The major reason for greater adoption of this practice is the proven benefits from scientific research. Mindfulness can lead to greater awareness of thoughts running in one’s mind, reduced worry and anxiety, improved response to stress rather than emotional reactions, enhanced concentration, reduction of mental-health risks, improved pain management, and better mood regulation.
Mindfulness is the awareness of ‘now’ without any judgement of the experience. In Full Catastrophe Living, Jon Kabat-Zinn described the essence of mindfulness as ‘a way of bringing conscious awareness and attention to the present moment, with an attitude of openness and curiosity’. It is the state of observing the sensations without any judgement or identification with them, anxiety is the struggle in mind and body between the reality and expectation. Mindfulness practice aims at acceptance of ‘what is’ and let it be rather than struggle to change it and cause inner turmoil.
Why do we need mindfulness? The book Brain Rules based on scientific research by Dr. John Medina suggests that multitasking is a myth and that our brain cannot focus on more than one activity at a time. Therefore, it is better to improve upon our ability to concentrate. We have a tendency to get lost in random thoughts in an automated manner. Mindfulness allows us to improve our capacity to be alert to the present moment and lead to relaxation. After all, if you are always rushing to the next moment, what will happen to the present and who will live in the ‘now’? With mindfulness, we gain the ability to settle the murkiness of random thoughts and reach a calm, clear state of mind.
How does one practice mindfulness? Mindfulness can be practised as meditation or in daily-life tasks. Meditation can be in two forms – i) concentration meditation by focusing on specific objects or sensations, and ii) insight meditation involving observation of one’s own thoughts and emotional state. In daily life, mindfulness can be practised by paying attention and being alert to daily activities as waking up, brushing, washing, drinking, eating, and walking etc. As Thich Nhat Hanh says, “Breathing in, I know that I am breathing in”.
Simple mindfulness exercises – As mindfulness can be practised with simple activities, here are the few basic exercises to start with:
Walking and counting your steps – Try this every time you walk so that you are alert about your steps.
Focusing on breathing – Our mind is a wanderer and it is hard to control it. Our breath can be used as an anchor to the mind. Try focusing your attention to your breath and whenever your mind is getting lost in thoughts, bring it back to your breath.
Sitting and observing thoughts – Close your eyes and try to observe your thoughts. Look at them as clouds without any judgment or over-identifying with them. This brings awareness that ‘thoughts are just thoughts’.

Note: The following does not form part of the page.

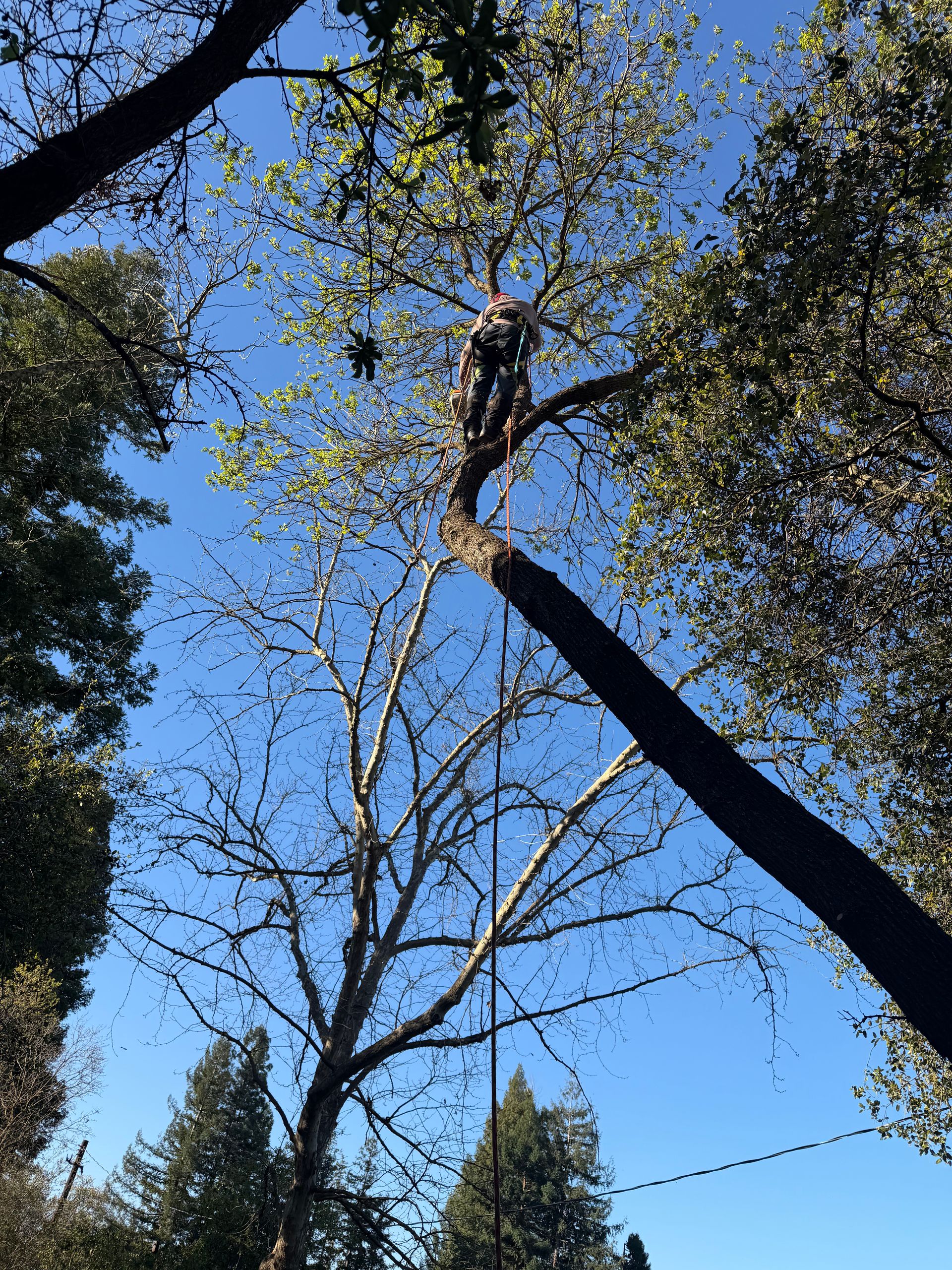 Northern Valley Tree Service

Observing emotions – You can observe your emotions as negative and positive, pleasant or unpleasant. Just watch them without resisting them. This helps to get over your emotions without over-reacting.
Sitting/walking with a background sound – Try to listen to a soothing music and focus your attention to it.
Mindfulness with body sensation – Notice the touch of an object to any body part, pay attention to the sounds around you or the music you are listening, observe the taste of food in your mouth with every bite. More awareness means more peace and joy.
Our thought process is regulated through:
Sustained attention by focusing on an object as breath or sound.
Attention switching by noticing our thoughts and bringing them back to the object of focus whenever it has drifted away.
Inhibition of elaborative thinking by observing thoughts and dropping the chain of randomness. The moment you realize that a chain of thought is creating a trap, drop the thought.
This mindful regulation eventually leads to relaxation of the mind.
“When we stop trying to force pleasant feelings, they are freer to emerge on their own. When we stop trying to resist unpleasant feelings, we may find that they drift away by themselves”
Williams, Teasdale, Segal, and Kabat-Zinn – The Mindful Way through Depression.
The ANU Counselling Centre runs a program – ‘Everyday Mindfulness’ which helps people better understand the practice and importance of mindfulness. Reading Sarah Edelman’s ‘Change Your Thinking’ provided me the motivation to write this piece. A workshop on mindfulness is being organised by ANU’s Department of Psychology and this gave me enough push to have the final shape of the article.